You had an idea. You turned it into a product or service. You’re an influencer with a brand. You’ve got a social media voice (of course you do, everyone does!).

But is your social media brand one that promotes diversity and inclusion?

Maybe you haven't even considered creating an inclusive social media voice or what it even is. Whatever the reason, I'm here to tell you that having a clear social media voice that portrays diversity and inclusion is significant for brand building.

I've helped build result-driven diversity, equity, and inclusion strategies for non-profit organizations, social media influencers, and higher education institutions. So, here are my tips for you on how to get this done.

Know your brand's niche

Lesson: "When you feeling all alone. And you can't even be you up in your home. When you even feeling it from your own." - F.U.B.U, Solange

There is a difference between an audience and a niche. When it comes to your brand's social media presence, the followers that you have that engage with you are your audience. Your niche' is the specific people you had in mind when you created the product or service.  

There's a misconception that you need to have a lot of followers, and to some extent, that is true. However, as Solange's' words eloquently convey, you can't isolate the niche.' They should never feel as slighted or jaded as Solange's lyrics depict. They are your brand loyalists.

Even if you have a niche', such as Black women, you have to make sure that you understand the intersections of Black women.

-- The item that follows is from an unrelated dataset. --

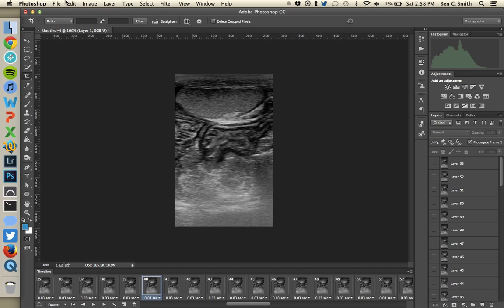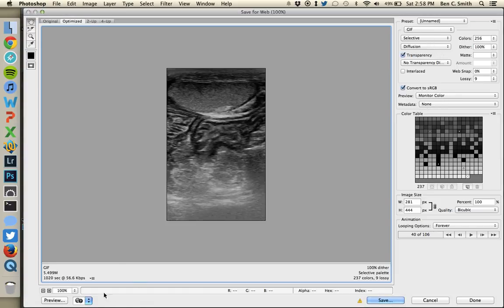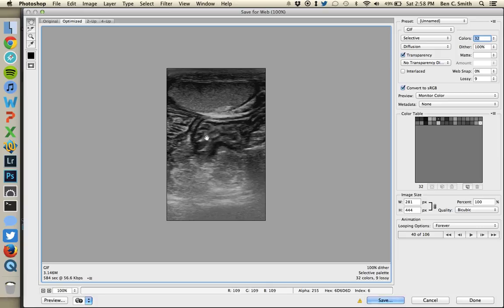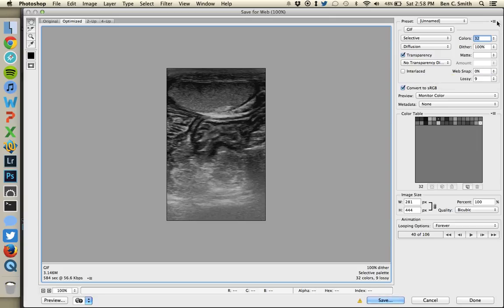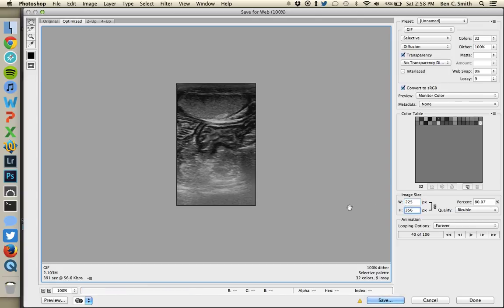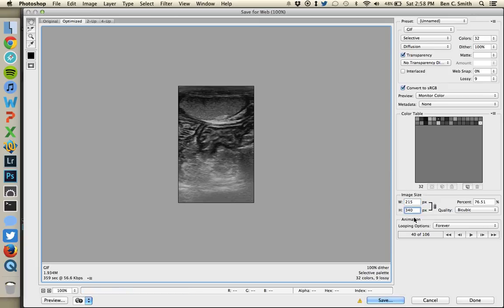Hit the space bar to stop the animation, then go to File > Save for Web. GIF is selected. The size is 5.49 megabytes — a long way to go. Since this is a black and white ultrasound image, I'll drop colors way down to 32. The image barely changes in appearance but file size drops to 3.1 megabytes. I try 16 colors — it gets a little grainy. I'd rather have a quality image at a slightly larger size, so I go back to 32 colors and reduce the image size instead. At 215 pixels wide, the file size calculates to 1.9 megabytes — good to go.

Kimberlé Crenshaw coined the term intersectionality more than 30 years ago. Intersectionality is all about taking into consideration the other factors that impact a person's identity and experiences. Your niche' could be Black women, but you have to consider Black millennials, Black women in the LGBTQIA+ community, etc.

Learning about your niche' can seem overwhelming to tackle, so you should break it up in stages. Choose intersections to learn about and give yourself time intervals to learn more. Taking these steps is part of building cultural intelligence or CQ. To learn more about this, check out the article I wrote for Mogul Millennial #LeadingWhileBlack: How to Boss Up Your Cultural Intelligence.

Use inclusive language, images, and techniques

I encouraged you to start learning more about your niche,' but you don't have to wait to start building your inclusive social media voice. Social media engagement is all about creating the right content, and we do this through text, images, and videos.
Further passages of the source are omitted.